San Bernardino Superior Court Judge J. David Mazurek granted the request under a provision of the California Penal Code, 1203.3, which provides for a criminal conviction to be “dismissed” upon the completion of probation. Maline sought early termination of his client’s probation, a request that was opposed by Deputy California Attorney General Stephanie Chow.
The state attorney general’s office handled Derry’s prosecution, which was initiated in April 2011 and based upon ground laid by investigators with the San Bernardino County District Attorney’s Office, who had interviewed former county assessor Bill Postmus as a part of a criminal investigation that ultimately led to Postmus pleading guilty to 14 felony counts. Postmus told investigators that he used his political action committee, Inland Empire PAC, to launder a $5,000 campaign contribution to Derry from Highland developer Arnold Stubblefield.
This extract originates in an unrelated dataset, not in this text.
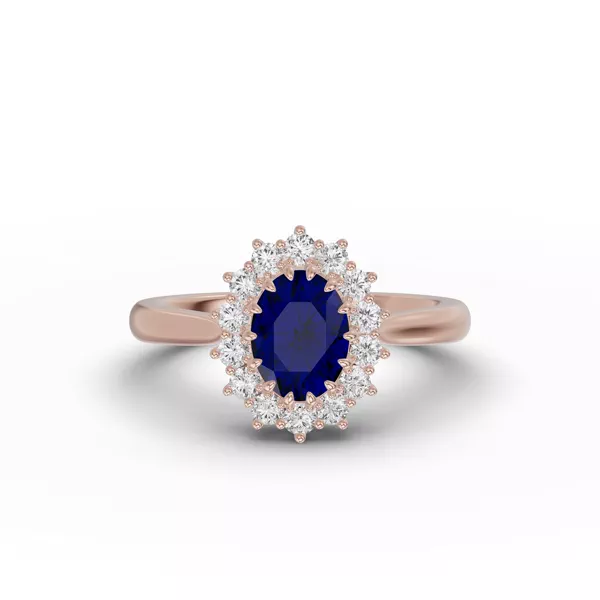 Iconic Oval Sapphire & Lab Diamond Halo Ring (8x6mm)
Stubblefield had been reluctant to contribute directly to Derry in 2007 because at that point, Derry was not yet in office and was challenging the incumbent, Dennis Hansberger. Derry had reported the money as coming from the political action committee rather than Stubblefield and was initially charged with two felonies – filing a forged or false document and perjury – and with misdemeanor filing of a false campaign report. Four months later, Derry, through Maline, stuck a plea arrangement by which the felonies were dropped and he pleaded no contest to the campaign reporting violation.
That plea figured prominently in the campaign James Ramos waged against Derry last year and Derry lost in November after having served a single term as supervisor.
Despite Chow’s opposition, Mazurek ruled on March 20 “termination of probation pursuant to section 1203.3 PC is  granted and the defendant discharged. The conviction heretofore entered is set aside; a plea of not guilty is ordered entered and the case is dismissed pursuant to section 1203.4/1203.4a PC.”